RSS

2 Mart 2011 Çarşamba

VINCENT Van GOGH, Theo'ya Mektuplar

Tarihsiz


Mauve'un pişman olmasını isterdim.

Kuşkulanıyorlar bir şeyden - bir kuşku havası esiyor - arkamda bir şeyler sezinliyorlar. Vincent günışığına çıkaramadığı bir şey saklıyor.

Peki, baylar, ne olduğunu söyleyeyim de, siz ki biçimlere ve uygarlığa düşkünsünüz, ve gerçeğin gerçeği olmak şartıyla düşkün olmakta haklısınız, siz söyleyin: bir kadını terk etmek mi yoksa terk edilmiş bir kadına acımak mı daha uygarca, daha insanca, daha erkekçedir?

Bu kış gebe bir kadına rastladım, karnında çocuğunu taşıdığı adam bırakmıştı onu.

Kış günü sokaklarda sürünen, ekmeğini kazanmak için bilinen yollara düşen bir kadın.

Bu kadını model olarak yanıma aldım ve bütün kış çalıştım onunla.
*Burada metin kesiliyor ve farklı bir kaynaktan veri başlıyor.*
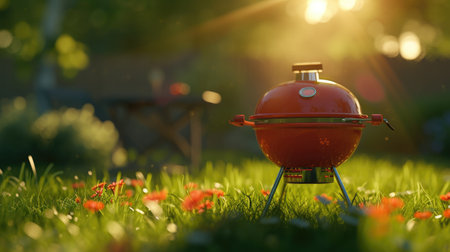 Grill Master's Haven: Barbecue Setup in Serene Backyardの素材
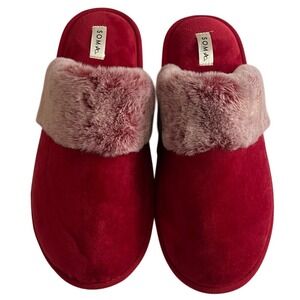 Soma Women's Red Faux Fur Slippers Large 8-9‎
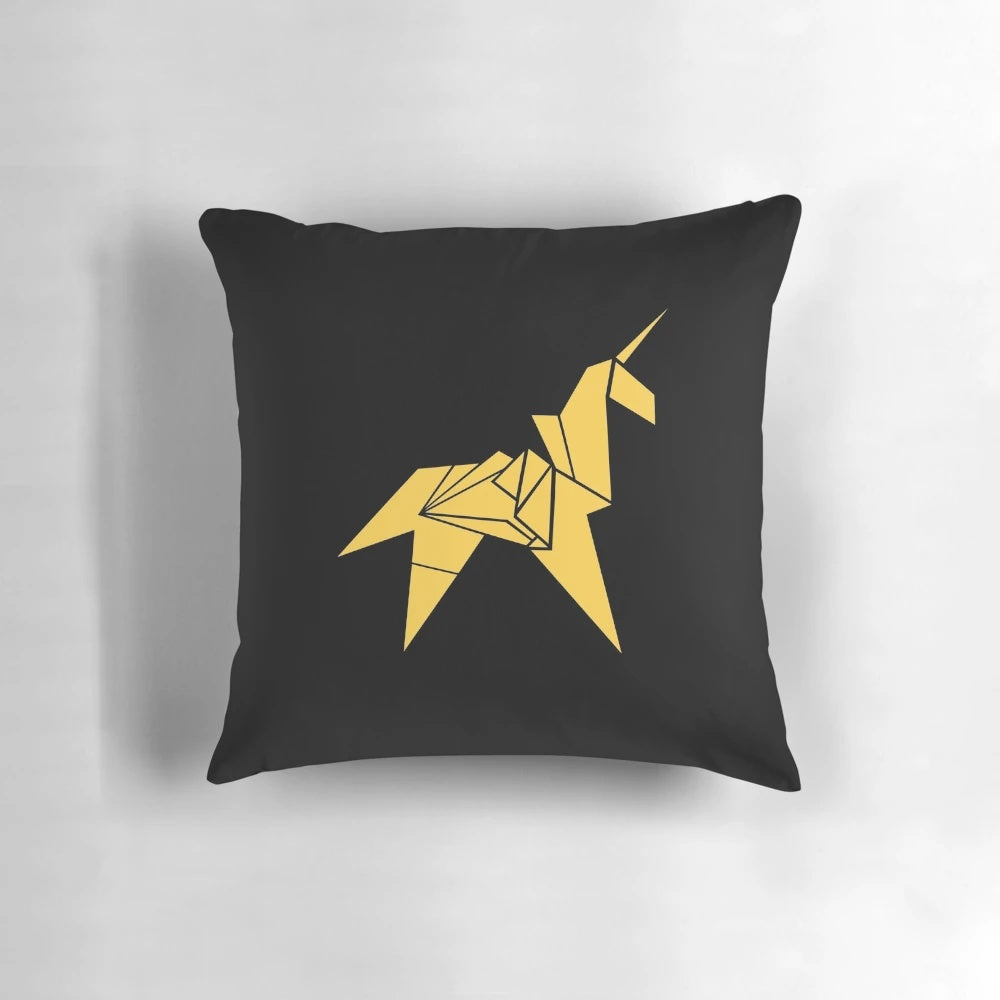 Pillow featuring an origami unicorn design inspired by the Blade Runner movie.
Bir modelin aldığı tam ücreti ödeyemedim ona, gene de poz verdiği saatleri ödedim ve böylece onu da çocuğunu da Allahın yardımıyla açlıktan ve soğuktan kurtardım, kendi ekmeğimi paylaştım onunla. Bu kadına ilk rastladığımda, hasta haline çarpılmıştım.

Ona banyolar yaptırdım, kuvvet ilâçları içirdim elimden geldiği kadar, sağlığı düzeldi.
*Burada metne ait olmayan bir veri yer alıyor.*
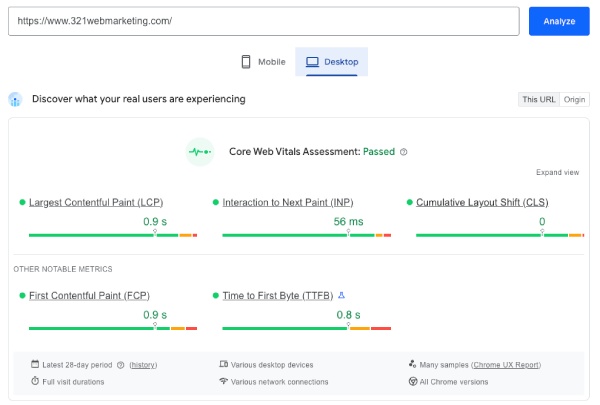 Core Web Vitals Assessment Results For 321 Web Marketing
Leyde'de gebe kadınlara bakan, onları doğurtan bir enstitü var, oraya götürdüm onu. (Rahatsız oluşu şaşılacak bir şey değilmiş, çünkü çocuğun duruşu kötüymüş, onu ameliyat ettiler, forsepslerle çocuğu çevirmek zorunda kaldılar. Ama kurtulur herhalde. Haziran ayında doğum yapması gerekir.)

Bana öyle gelir ki, beş paralık değeri olan bir adam böyle bir olayla karşılaşınca benim yaptığımı yapardı.

Bu yaptığımı öyle basit öyle tabii buldum ki, onu kendime saklayabilirim sandım. Poz vermek ona güç geliyordu, ama zamanla öğrendi, ben de iyi bir model bulduğum için geliştirebildim çizgilerimi. Bu kadın şimdi bana evcilleşmiş bir güvercin gibi bağlıdır, bana gelince, bir kez evlenebileceğime göre, onunla evlenmekten daha iyi bir iş yapamam, çünkü ona yardım etmenin tek yolu budur, yoksa yoksulluk onu gene uçuruma giden yola düşürecektir. Onun parası yok, ama çalışmamla benim para kazanmama yardım ediyor.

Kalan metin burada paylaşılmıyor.